I have two simple code examples of the same calculation, which creates load on the CPU. The sequential one is significantly slower then the multi-threaded one. If I understand the concept of the GIL correctly, that should not be the case, as just one thread can run at the same time. So the overall time should be the same, as there is not wait time in I/O.
What could be an explanation for this? I have another example with the multiprocessing library, which runs even faster then the multi-threaded one, which is expected, as it creates load on 3 cores in parallel.
Sequential code - ~31 seconds:
import time
start_time = time.time()
my_threads = [100000000, 200000000, 300000000]
for x in my_threads:
print(f"start {x}")
for y in range(x):
y*y
print(f"finished input {x}: {time.time() - start_time:.2f} seconds")
print(f"{time.time() - start_time:.2f} seconds")
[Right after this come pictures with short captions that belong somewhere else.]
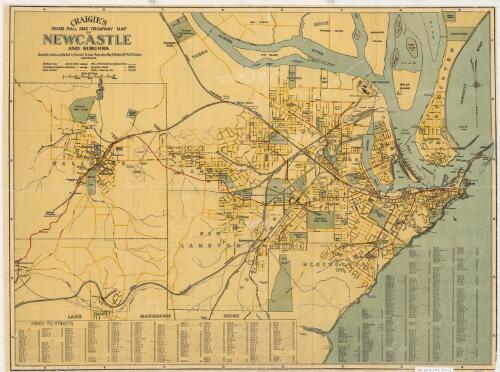 Craigie's Road, rail and tramway map of Newcastle and suburbs [cartographic material]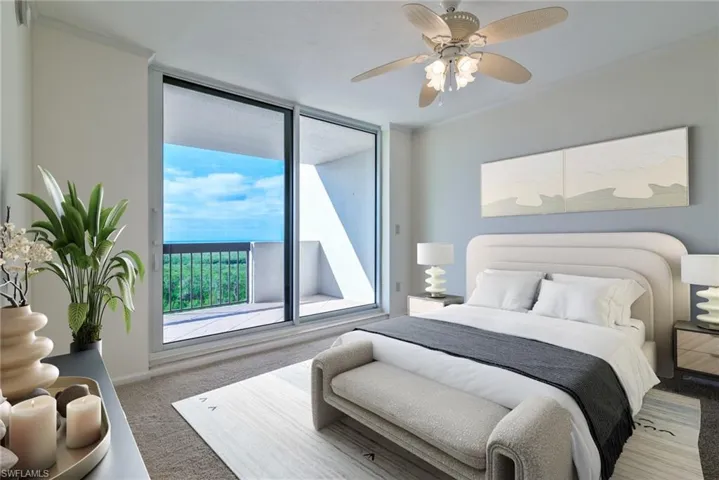 Guest Bedroom w/Balcony Access - Virtually Staged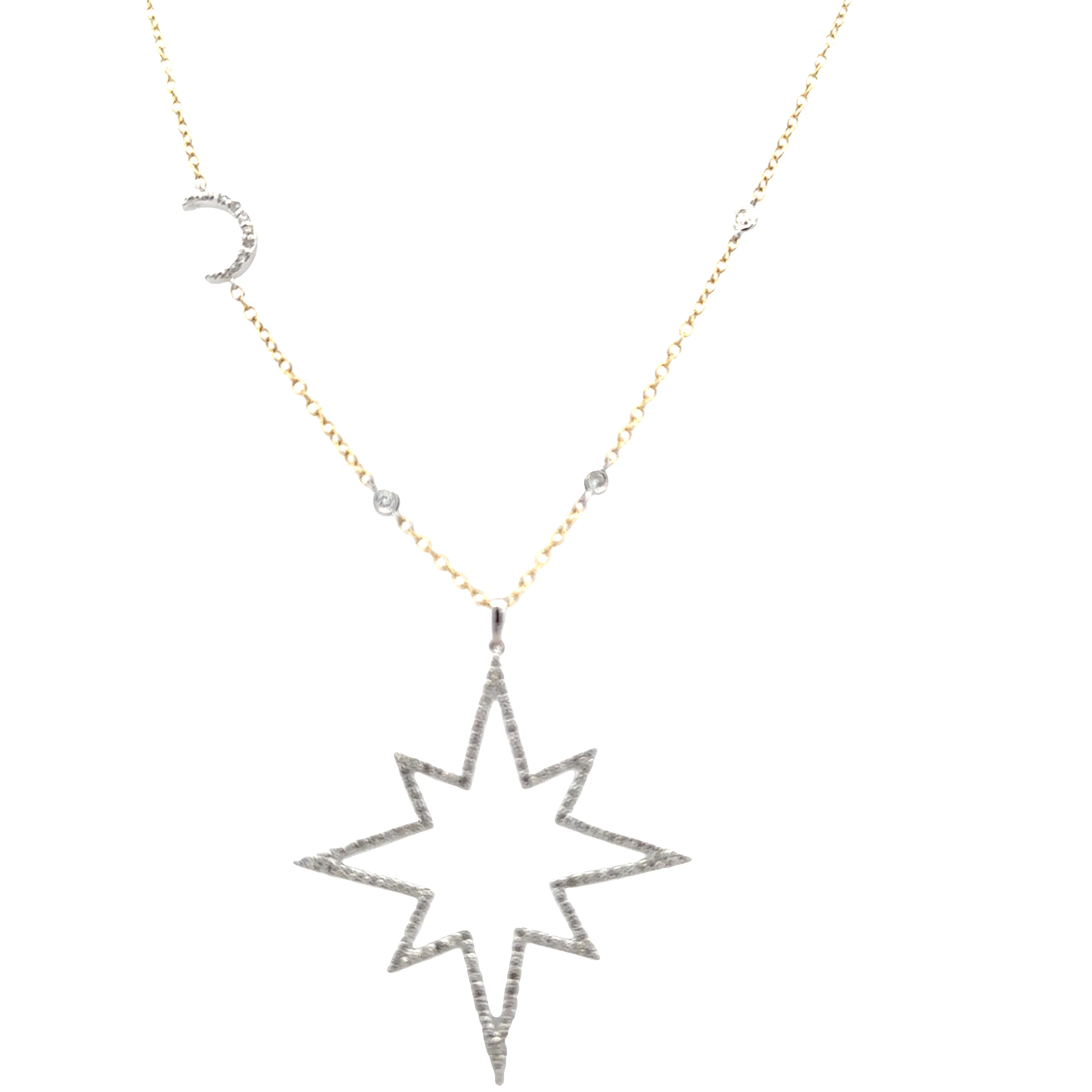 14k Two-Tone Gold Diamond Star Motif Pendant Necklace – 24" - Image 3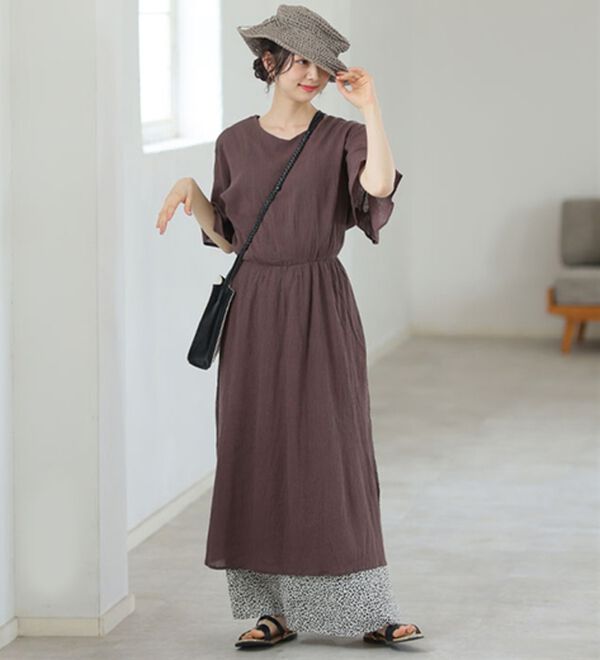 A HAPPY MARILYN（アハッピーマリリン）の「風通る 綿 楊柳 フレア袖 ウエストゴム ワンピース（カットソーワンピース）」｜詳細画像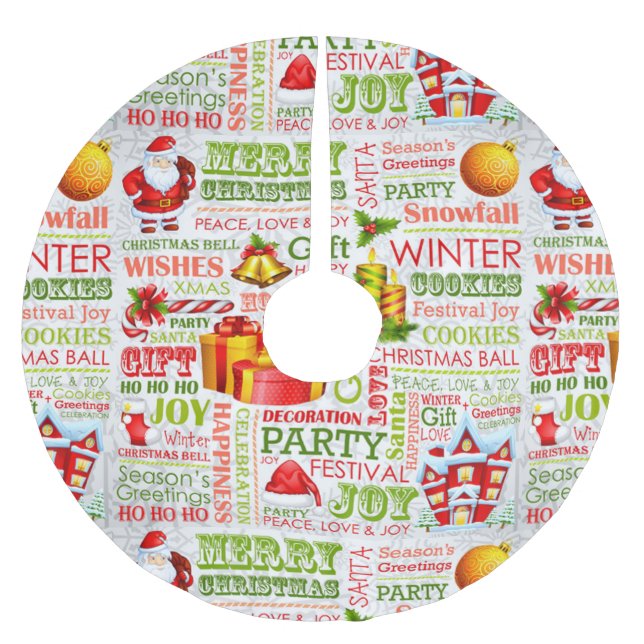 Jupon De Sapin En Polyester Brossé Les Joyaux De Noël (Devant)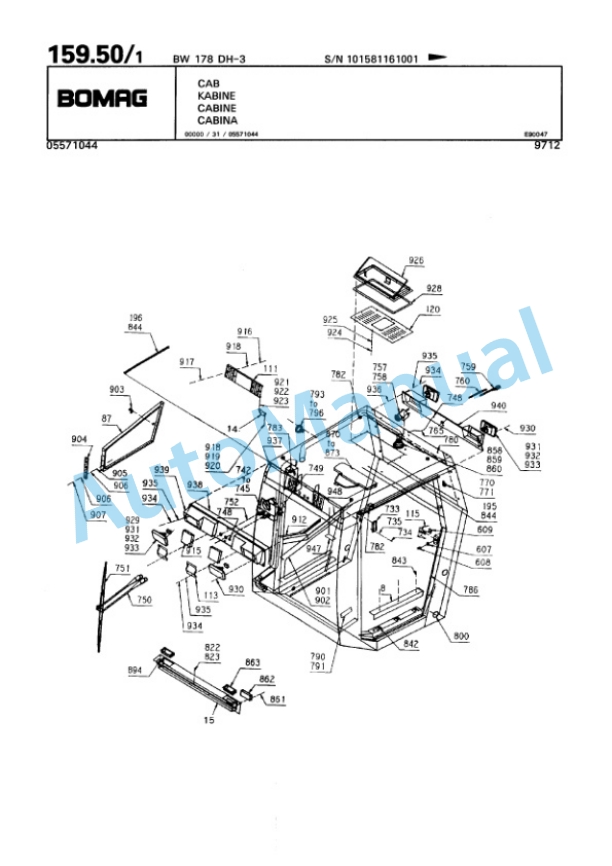 Bomag BW 178 DH-3 Single Drum Wheel Drive Vibratory Roller Spare Parts Catalogue 00815516 4 Bomag BW 178 DH-3 Single Drum Wheel Drive Vibratory Roller Spare Parts Catalogue 00815516-4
Multi-threaded code - ~15 seconds execution time:
EDIT: removed all unnecessary code, to make it simpler (does not change the outcome)
import threading
import time
def my_threaded_function(s, x):
with s:
start_time = time.time()
for y in range(x):
y*y
print(f"finished input {x}: {time.time() - start_time:.2f} seconds")
s = threading.Semaphore(25)
my_threads = [100000000, 200000000, 300000000]
threads = []
start_time = time.time()
for x in my_threads:
t = threading.Thread(
target=my_threaded_function, name=f"Thread-{x}",
args=(s, x,)
)
t.daemon = True
threads.append(t)
t.start()
[thread.join() for thread in threads]
print(f"{time.time() - start_time:.2f} seconds")
I expect the two examples to have the same execution time.
EDIT: full output:
❯ python3 code/sequential.py
finished input 100000000: 4.57 seconds
finished input 200000000: 13.61 seconds
finished input 300000000: 27.09 seconds
27.09 seconds
❯ python3 code/threading_example.py
finished input 100000000: 7.84 seconds
finished input 200000000: 12.44 seconds
finished input 300000000: 14.65 seconds
14.68 seconds
The reason is that in the sequential code, you have global variables for reading and writing but in the threaded code, the variables are local.
Local variables are stored(STORE_FAST) and loaded(LOAD_FAST) much faster because the namespace of the functions are actually an array, instead of the dictionary and Python accesses them by index.
Put all the code in the sequential code in a function and run that again. You'll see that they are almost the same.
Having:
for i in range(n):
x = i * i
In the first line of the for loop, you store the returned number in i
. In the second line, you look up i
twice (i * i) and store x
. These are all slower in global namespace.